El incidente se produjo en la plaza de San Pedro del Vaticano, adonde el pontífice argentino llegó para visitar el árbol y el Portal de Belén instalados durante el periodo navideño.

No hay reacciones de la Santa Sede, empero seguramente el Papa hará las precisiones pertinentes o en silencio ya ofreció disculpas.

No es la primera vez que lo vemos molesto. Hubo un incidente similar en 2016 en su visita a Morelia, Michoacán..

Aquel 16 de febrero, un fiel casi lo tiró al suelo.

¿Cómo fue?

Al concluir el encuentro, al que asistieron 85 mil jóvenes, el Papa Francisco se acercó a ellos, quienes ansiosos querían saludarlo.
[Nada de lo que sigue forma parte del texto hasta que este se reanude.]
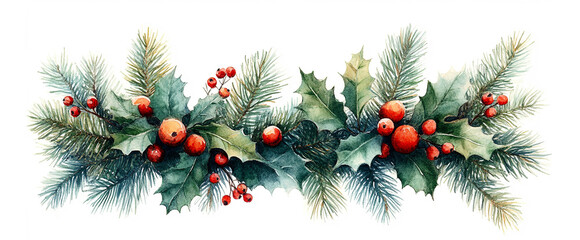 Wide web Merry Christmas horizontal banner with coniferous in watercolour style garland with mix of pine branches and holly berries, leaves, Xmas decoration isolated on white background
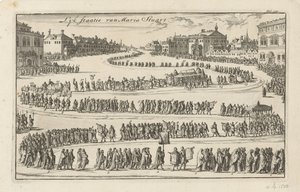 Begravning av drottning Mary II Stuart, 1695 Lyk state of Mary Stuart (titel på objekt) av Jan Luyken
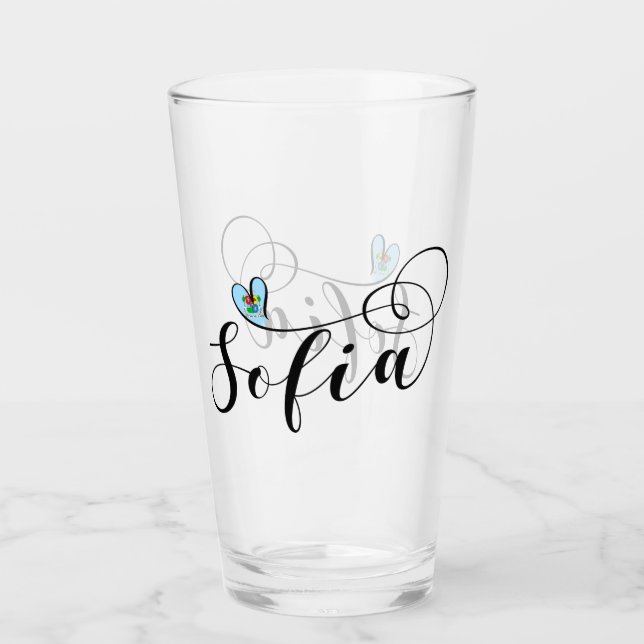 Sofia Flag, I Heart Sofia, Bulgaria Glass (Front)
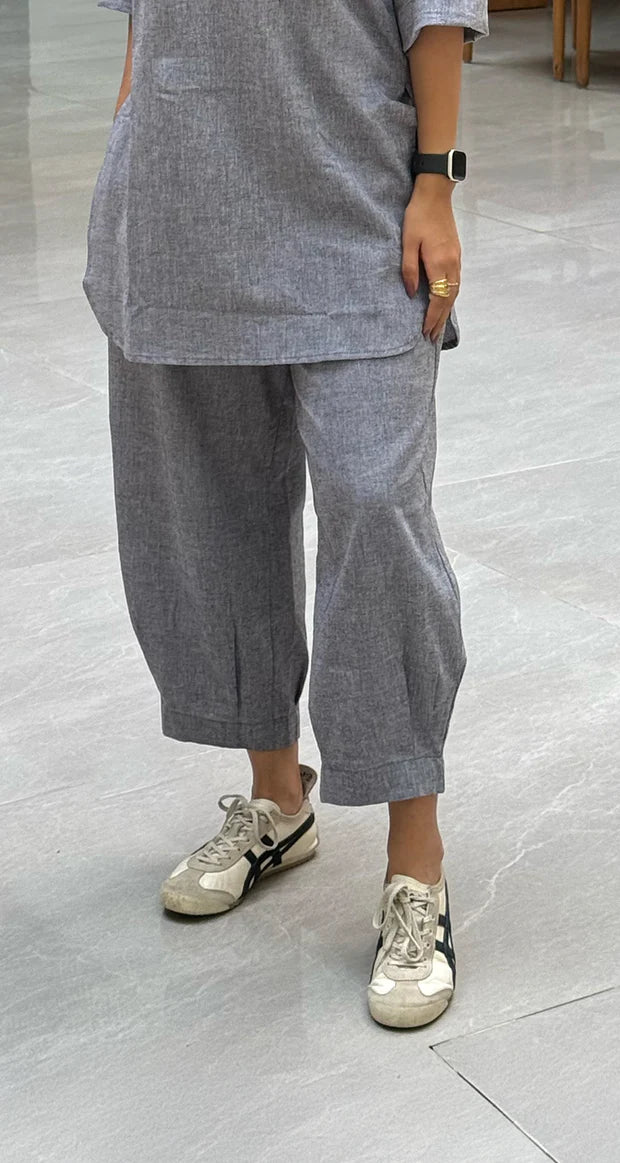 Gray Casual Cotton Co-ord Set for Women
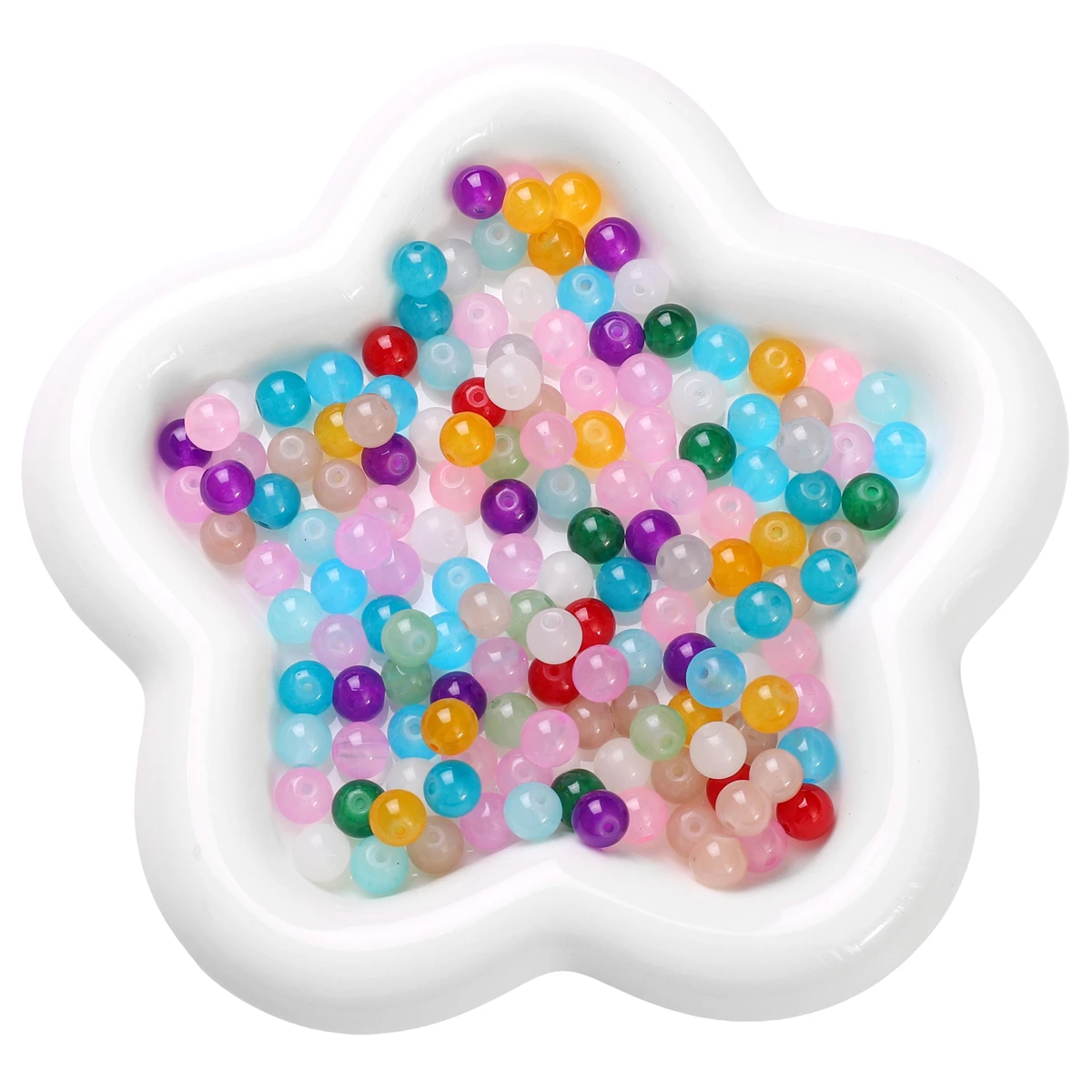 20–100 Stück glänzende, runde Perlen aus Jelly-Imitationsjade-Glas, 4/6/8/10 mm, lose Perlen für DIY-Armbänder, Halsketten, Schmuckherstellung – Detail 10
Mientras le daba un rosario a uno de ellos, el joven lo jaló y provocó que el Papa casi cayera sobre un muchacho con discapacidad, lo que generó su enojo.

Las cámaras de televisión captaron el momento en el que Francisco se molestó con el feligrés y le decía “¿Qué te pasó? ¡No seas egoísta, no seas egoísta!” con gesto firme y sacudiendo la mano, mientras personal de seguridad trataba de protegerlo.

El episodio, visto por los miles de jóvenes en las pantallas gigantes del estadio José María Morelos y Pavón, hizo que una de las animadoras del encuentro pidiera compostura a los asistentes. “Les pedimos muchachos que tengan cuidado. El Papa Francisco nos quiere saludar pero si nos amontonamos difícilmente lo podremos hacer. Tengamos calma y él pasará por nuestro lugar”, agregó.

¿Se enoja el Papa?

¡Sí!

Al respecto, recordaré una anécdota que sucedió al final de 2015, cuando Francisco recibió en audiencia a más de 6 mil niños cantores de coros religiosos de diversos países y bromeó con ellos.

Uno de ellos le preguntó:“¿alguna vez se enoja?”

La respuesta fue:  “Sí, me enojo pero no muerdo. Y recuerdo cuando yo hago enojar. Enojarse hace mal a uno mismo, envenena. Hay gente que tiene el alma amarga, que todas las mañanas se lava los dientes con vinagre”.

Y abundó: “Vivir enojado es una enfermedad. Y el remedio es rezar más”.

Así que, seguramente el Papa reza por esos enojos y en silencio ofrece disculpas.